The Top Three Things CFOs and Finance Teams Should Know About Blockchain
As blockchain technology becomes a more and more common topic, finance teams are wondering less about what it is and more about what they should expect from it. Proponents continue to tout blockchain’s potential, while skeptics ask why we haven’t seen real world application. How can you know what blockchain means for your company and the way it manages finances? The stage of defining the technology has come and gone, and now, many find themselves asking, “Now what?”
In order to fully understand what the true applications of blockchain are going to be within their organizations, CFOs must dissect the functions within their finance department and look for certain characteristics within its processes. Below, I’ve outlined the top three things that CFOs and finance teams should look for when projecting how blockchain may impact their business’s financial operations.
#1 Reconciliation-Heavy Processes
As the business ecosystem becomes more and more connected, business-to-business transactions become easier and more commonplace. Yet, modern day finance departments continue to function independent of their trading partners. The result of this siloed approach is the abundance of reconciliation necessary to ensure each party’s ledgers are in agreement. The risk of errors or even fraud is completely reliant on the design and operating effectiveness of each organization’s internal controls.
With the emergence of distributed ledger technology of blockchain, transactions have the potential to be verified in near real time. Connecting the parties via a shared ledger significantly decreases the risk of errors or fraud and eliminates the need for reconciliations among the parties involved.
CFOs and controllers should be in constant communication with their enterprise resource planning system provider regarding what changes are anticipated with respect to blockchain.
#2 Processes Involving Manual Data Entry
Even though there have been numerous technological breakthroughs since the invention of the personal computer, the reality is that organizations are still in the process of switching over to a paperless environment. With that conversion comes hours upon hours of manual data entry and validation. Data entry is not only time consuming, but it also carries a large error rate. Data entry often results from the need to transpose figures from one report format to another in order for its utilization to be fully optimal.

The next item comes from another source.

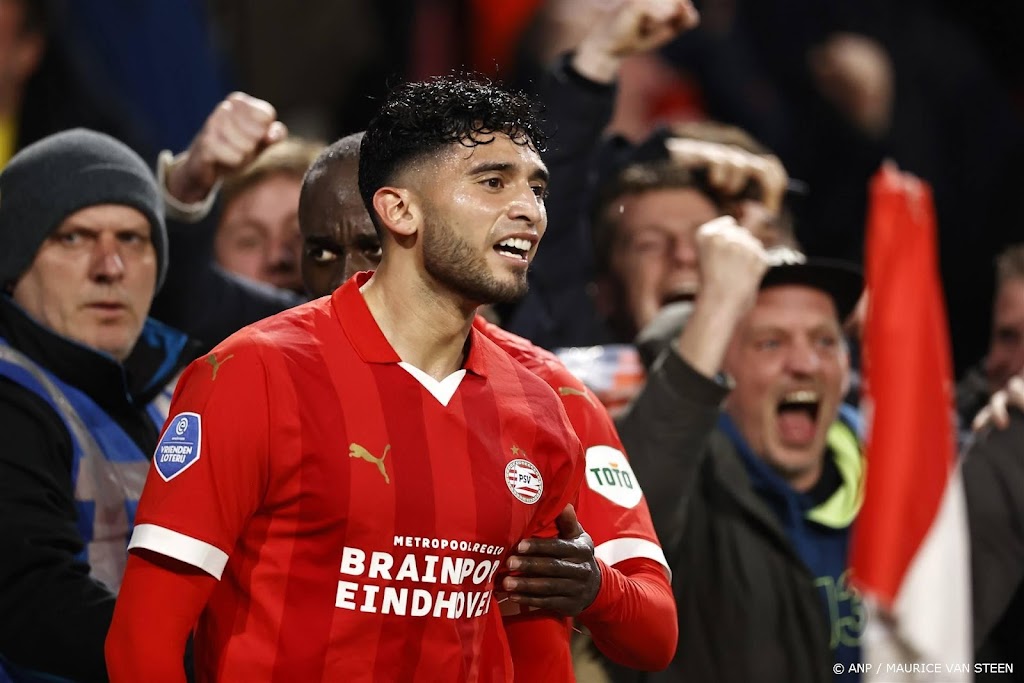 Invaller Pepi helpt PSV ver in blessuretijd aan zege op FC Twente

One of the advantages of blockchain is that it provides structure to the data that resides on the ledger. Rather than being tied to certain reporting formats of traditional enterprise resource planning systems, the open-source nature of blockchain gives users and report writers access to the unstructured data tables. In essence, this allows the presentation of the data to be very customizable to an organization, yet standardized to the participants of the network. This organized flexibility is sure to result in a decreased need for manual data entry.

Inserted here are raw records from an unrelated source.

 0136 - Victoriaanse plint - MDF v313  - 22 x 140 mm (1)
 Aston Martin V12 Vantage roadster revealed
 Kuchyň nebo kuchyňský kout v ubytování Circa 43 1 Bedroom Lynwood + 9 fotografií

CFOs and their teams should perform a high-level review of the data transformation process from their system’s output to what is presented to the executive group in order to gain an understanding of the benefits of having structured yet flexible datasets.
#3 Processes that Include Multiple Parties and/or Intermediaries
Many organizations state that they value transparency but many often unintentionally come up short of that goal. This gap is all too often because organizations find difficulty in separating data that’s proprietary and data that’s privy to a wider audience. Today’s accounting systems can fall short of providing the flexibility to properly categorize data, which results in a long and laborious process to deliver on commitments to be transparent.
The best of both worlds is possible with blockchain. With the capabilities of encryption and cryptography, blockchain technology allows for transparency where deemed appropriate and confidentiality of sensitive information. Each intermediary within a process creates additional inefficiencies as well as a higher risk of error. Having this level of control over data eliminates a lot of the need for intermediaries.
Finance teams and leaders should create flowcharts detailing how they fit in the supply chain for the primary products and services bought and sold by the company. This diagram will come in handy when evaluating the various parties that may be co-participants on your blockchain networks.
Example and Final Thoughts
To shed a different light on the efficiencies that blockchain may create, consider for instance the relatively simple process of wiring funds internationally. In today’s set up, it often takes one or two full business days for a transaction to clear. The sender will initiate the transaction through his or her financial institution via a set of instructions. Depending on those instructions, which bank the recipient is using and what country the recipient resides, the sender’s bank will determine how to proceed. It’s likely that the wire will have to go through a clearinghouse, such as Fedwire or SWIFT. Due to the number of intermediaries involved, fees for outgoing international bank wires range from $25 to $50 each, and they often times don’t include any differences resulting from foreign currency exchange. The process is so inefficient that companies such as TransferWise and OFX exist strictly to capitalize on this inefficiency.
With the bitcoin blockchain, funds can be transferred anywhere in the world in ten minutes or less. The only parties involved in the transaction are the sender and recipient, and therefore, fees are nominal. Average fees for transferring bitcoins vary depending on the transactional volume at the time of transfer. As of November 2018, the average fee to transfer bitcoin to another user has ranged from 36 to 78 cents. If this illustration demonstrates the efficiencies that blockchain may create for an individual in this circumstance, imagine the efficiencies it may create for your company’s finance team.